La sua espressine gridava “mi stai prendendo per il culo?”, e mi fece capire che in effetti mi ero offesa. «Okay, forse solo un pochino.»
«Un pochino?! Sei gelosetta, amica.»
«Infastidita. Mi piace sapere dove vanno le persone con cui vivo.»
«Se lo dici tu…» disse spirando l’ultima boccata di fumo e lanciando la sigaretta dalla finestra. «Dai, ti riporto a casa, sarai stanca.»
Durante il viaggio di ritorno lo chiamò sua sorella Doniya e lui collegò il telefono all’auto in modo che il vivavoce si sentisse bene e potessi scambiare due parole con lei.
«Day, chiamami ogni volta che vuoi, disegnare in due è più divertente.»
«Sì, soprattutto se una pazza ti rovina la stanza. Grazie, Zayn.»
Gli schioccai un bacio sulla guancia sorprendendomi per l’inaspettato abbraccio in cui mi stinse prima di lasciarmi scendere dal veicolo. Rimasi un attimo ferma sul vialetto seguendo con lo sguardo la sua auto sparire in strada, quindi entrai in casa.
Buio totale e silenzio, l’unico suono veniva dal piano di sopra, per il resto era come se casa fosse vuota.
Salii le scale arrivando fino alla stanza lasciata libera accanto alla mia da cui provenivano delle voci, quella di Harry e… una femminile?
«Adesso mi sente!» dissi a denti stretti e fiondandomi sulla porta. «E meno male che oggi dovevi uscire con Lou…»
Non finii la frese, non potevo farlo.
«No, Day! Hai rovinato tutto!» Louis si alzò in piedi lasciano cadere a terra un oggetto.
«Co-cosa significa?»
«Uhm, si vede direi…» rispose Harry aprendo le braccia in gesto di rassegna.
Stava finendo di montare un mobiletto in rovere, e già montati c’erano un piccolo armadio, una sedia a dondolo sotto la finestra e una culla, quella a cui Louis stava cambiando la biancheria con una azzurra decorata da piccoli aeroplanini rossi, gialli e verdi. Accanto a lui c’era anche una ragazza con in mano una copertina e un peluche (almeno non mi ero sbagliata riguardo alla voce femminile di poco prima).
«Voi… avete sul serio fatto tutto questo oggi?»
«Volevamo farti una sorpresa visto che manca sempre meno alla nascita» disse Louis con un’alzata di spalle, «ma ce l’hai rovinata.»

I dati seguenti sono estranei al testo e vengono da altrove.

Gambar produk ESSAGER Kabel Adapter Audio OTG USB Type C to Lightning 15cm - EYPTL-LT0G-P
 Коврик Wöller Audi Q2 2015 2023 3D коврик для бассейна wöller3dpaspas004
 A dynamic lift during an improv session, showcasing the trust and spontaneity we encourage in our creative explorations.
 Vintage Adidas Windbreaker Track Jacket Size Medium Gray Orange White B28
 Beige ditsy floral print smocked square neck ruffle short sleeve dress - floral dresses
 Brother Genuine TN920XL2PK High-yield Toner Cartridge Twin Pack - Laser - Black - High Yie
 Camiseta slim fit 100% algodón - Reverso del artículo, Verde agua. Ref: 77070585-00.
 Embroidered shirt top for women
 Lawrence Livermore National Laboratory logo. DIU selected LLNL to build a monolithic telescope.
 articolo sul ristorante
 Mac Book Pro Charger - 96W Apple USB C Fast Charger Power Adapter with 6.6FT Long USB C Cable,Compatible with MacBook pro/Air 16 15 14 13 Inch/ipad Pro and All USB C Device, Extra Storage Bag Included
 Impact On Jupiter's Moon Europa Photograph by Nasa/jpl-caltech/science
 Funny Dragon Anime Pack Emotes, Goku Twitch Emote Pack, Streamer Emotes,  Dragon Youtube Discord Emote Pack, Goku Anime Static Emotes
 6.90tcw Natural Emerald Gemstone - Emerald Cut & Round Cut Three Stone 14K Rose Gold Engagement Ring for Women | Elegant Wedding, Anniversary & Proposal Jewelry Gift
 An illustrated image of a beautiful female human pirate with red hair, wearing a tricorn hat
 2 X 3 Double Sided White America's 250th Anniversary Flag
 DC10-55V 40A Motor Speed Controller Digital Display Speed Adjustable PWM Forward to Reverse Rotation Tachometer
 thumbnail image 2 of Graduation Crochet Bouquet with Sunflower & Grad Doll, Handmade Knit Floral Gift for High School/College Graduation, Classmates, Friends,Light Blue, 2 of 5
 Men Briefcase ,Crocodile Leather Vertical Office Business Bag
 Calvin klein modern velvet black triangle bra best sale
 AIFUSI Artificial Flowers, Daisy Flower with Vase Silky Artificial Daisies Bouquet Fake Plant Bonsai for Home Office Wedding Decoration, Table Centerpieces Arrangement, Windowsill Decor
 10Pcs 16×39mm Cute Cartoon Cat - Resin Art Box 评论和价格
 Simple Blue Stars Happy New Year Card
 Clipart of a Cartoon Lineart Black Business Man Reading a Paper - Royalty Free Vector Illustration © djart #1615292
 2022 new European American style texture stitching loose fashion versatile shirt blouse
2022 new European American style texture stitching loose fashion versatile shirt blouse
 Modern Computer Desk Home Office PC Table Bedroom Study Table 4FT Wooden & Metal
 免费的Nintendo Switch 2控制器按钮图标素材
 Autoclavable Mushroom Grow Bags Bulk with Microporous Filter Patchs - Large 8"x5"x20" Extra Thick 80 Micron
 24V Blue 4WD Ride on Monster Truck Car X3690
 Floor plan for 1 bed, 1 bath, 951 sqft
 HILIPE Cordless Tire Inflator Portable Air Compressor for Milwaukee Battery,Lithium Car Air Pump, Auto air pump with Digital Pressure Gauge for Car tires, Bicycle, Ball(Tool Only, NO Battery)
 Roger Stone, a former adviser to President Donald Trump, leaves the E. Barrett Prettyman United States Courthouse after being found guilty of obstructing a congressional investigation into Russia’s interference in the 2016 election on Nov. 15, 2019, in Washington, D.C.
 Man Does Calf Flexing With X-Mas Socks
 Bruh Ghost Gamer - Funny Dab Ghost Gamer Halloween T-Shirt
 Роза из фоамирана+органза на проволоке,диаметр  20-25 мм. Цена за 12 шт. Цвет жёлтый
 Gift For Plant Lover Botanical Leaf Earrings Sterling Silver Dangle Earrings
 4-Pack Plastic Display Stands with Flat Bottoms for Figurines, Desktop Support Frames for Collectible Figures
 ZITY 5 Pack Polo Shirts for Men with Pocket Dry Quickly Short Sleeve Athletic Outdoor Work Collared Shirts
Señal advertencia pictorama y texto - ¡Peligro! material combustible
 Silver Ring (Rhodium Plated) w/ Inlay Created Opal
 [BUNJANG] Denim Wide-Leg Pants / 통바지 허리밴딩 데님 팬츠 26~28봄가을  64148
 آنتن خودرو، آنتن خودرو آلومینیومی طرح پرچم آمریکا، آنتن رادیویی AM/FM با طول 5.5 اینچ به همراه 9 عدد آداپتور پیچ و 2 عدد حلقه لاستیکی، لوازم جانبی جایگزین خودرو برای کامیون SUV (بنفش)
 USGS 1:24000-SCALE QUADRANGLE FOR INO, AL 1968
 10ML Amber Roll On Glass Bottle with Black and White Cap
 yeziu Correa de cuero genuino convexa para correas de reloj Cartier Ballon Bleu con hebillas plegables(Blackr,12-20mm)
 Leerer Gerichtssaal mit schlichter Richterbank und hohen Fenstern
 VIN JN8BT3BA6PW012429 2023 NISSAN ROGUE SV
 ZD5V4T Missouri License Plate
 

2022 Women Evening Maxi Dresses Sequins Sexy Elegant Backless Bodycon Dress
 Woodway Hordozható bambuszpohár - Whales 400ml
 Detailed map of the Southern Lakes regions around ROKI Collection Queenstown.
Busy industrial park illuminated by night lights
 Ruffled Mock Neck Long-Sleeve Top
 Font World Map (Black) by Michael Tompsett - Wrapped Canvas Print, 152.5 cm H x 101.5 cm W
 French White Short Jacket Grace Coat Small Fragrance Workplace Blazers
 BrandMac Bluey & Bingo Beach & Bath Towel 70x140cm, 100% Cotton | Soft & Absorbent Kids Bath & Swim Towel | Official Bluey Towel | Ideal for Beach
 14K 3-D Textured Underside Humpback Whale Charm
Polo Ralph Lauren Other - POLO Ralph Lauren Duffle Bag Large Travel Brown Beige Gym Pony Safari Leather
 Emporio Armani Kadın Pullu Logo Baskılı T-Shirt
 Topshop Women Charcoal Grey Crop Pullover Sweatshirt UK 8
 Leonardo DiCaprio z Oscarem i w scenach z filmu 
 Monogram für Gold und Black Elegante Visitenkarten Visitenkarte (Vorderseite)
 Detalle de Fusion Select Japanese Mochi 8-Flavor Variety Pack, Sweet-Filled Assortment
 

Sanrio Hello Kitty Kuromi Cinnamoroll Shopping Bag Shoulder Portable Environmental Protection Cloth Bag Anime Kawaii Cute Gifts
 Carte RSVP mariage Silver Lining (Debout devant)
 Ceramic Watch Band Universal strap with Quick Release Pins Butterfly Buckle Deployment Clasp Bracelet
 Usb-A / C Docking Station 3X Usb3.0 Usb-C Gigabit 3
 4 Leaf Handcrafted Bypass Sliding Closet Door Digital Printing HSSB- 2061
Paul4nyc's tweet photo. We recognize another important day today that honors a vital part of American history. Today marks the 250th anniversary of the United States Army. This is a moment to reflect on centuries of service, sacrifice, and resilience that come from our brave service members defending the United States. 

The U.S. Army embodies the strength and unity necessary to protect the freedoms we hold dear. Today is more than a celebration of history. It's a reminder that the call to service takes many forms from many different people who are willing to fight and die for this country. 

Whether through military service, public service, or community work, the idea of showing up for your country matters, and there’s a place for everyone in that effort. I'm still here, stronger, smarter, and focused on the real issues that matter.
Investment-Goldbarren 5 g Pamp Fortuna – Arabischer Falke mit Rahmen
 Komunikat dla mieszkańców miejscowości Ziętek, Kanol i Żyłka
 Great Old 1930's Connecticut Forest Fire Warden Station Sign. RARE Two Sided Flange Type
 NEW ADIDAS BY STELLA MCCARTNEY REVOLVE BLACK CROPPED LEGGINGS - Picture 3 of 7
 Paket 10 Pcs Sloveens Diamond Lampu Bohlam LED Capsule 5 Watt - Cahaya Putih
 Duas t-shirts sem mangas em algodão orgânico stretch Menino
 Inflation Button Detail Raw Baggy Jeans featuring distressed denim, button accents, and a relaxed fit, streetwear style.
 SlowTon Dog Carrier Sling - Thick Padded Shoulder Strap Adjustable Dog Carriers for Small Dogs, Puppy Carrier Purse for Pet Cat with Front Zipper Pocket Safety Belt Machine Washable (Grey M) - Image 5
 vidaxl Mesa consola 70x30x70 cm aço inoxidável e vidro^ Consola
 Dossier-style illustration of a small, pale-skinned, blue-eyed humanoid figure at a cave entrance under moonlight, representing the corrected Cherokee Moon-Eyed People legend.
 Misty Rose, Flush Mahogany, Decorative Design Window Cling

«Oh, ragazzi, me l’avete fatta comunque! Venite… venite qui!» li invitai ad abbracciarmi aprendo le braccia e loro due si strinsero a me mentre la ragazza ci guardava sorridendo.
«Vi voglio bene, lo sapete?»
«Anche noi. Stai piangendo?!» Harry si staccò dall’abbraccio guardandomi sorpreso.
«Sono questi stupidi ormoni, scusate!» dissi asciugandomi gli occhi, poi portai lo sguardo sulla mora. «Oh! Non mi sono neanche presentata! Piacere, D…»
«Darcy, l’amica di Harry.» Mi precedette lei tendendomi la mano. «Sono…»
«Eleanor, la ragazza di Louis» feci come lei poco prima, e mi lanciò un’occhiata stupita. «Posso dire di conoscerti almeno un pochino tra varie riviste e Facebook.»
«Hai capito Darcy che ci pedinava su Facebook? Non l’avrei mai detto» mi schernì Louis cingendomi le spalle con un braccio.
«Non vivo mica fuori dal mondo, piccolo idiota.» Gli diedi un colpetto sulla guancia.
«Stasera però conoscerai meglio Eleanor, perché andiamo a cena tutti e quattro.»
«Lou, non ce n’è bisogno. El è appena arrivata e già vi ho trascinati con me all’Ikea, uscite voi due» disse Harry.
«Tutti e quattro» insistette Louis imperativo, poi salutò entrambi e lui e Eleanor andarono via dandoci appuntamento in un ristorante per le 8.30 p.m. di quella sera.